[WORK REQUIRED]: For every line in the material, produce an exact copy.

[SOURCE DATA]:
#####

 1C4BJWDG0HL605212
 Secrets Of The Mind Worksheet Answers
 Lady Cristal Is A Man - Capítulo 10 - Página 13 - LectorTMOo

#####

[PROBLEM SOLUTION]:
 1C4BJWDG0HL605212
 Secrets Of The Mind Worksheet Answers
 Lady Cristal Is A Man - Capítulo 10 - Página 13 - LectorTMOo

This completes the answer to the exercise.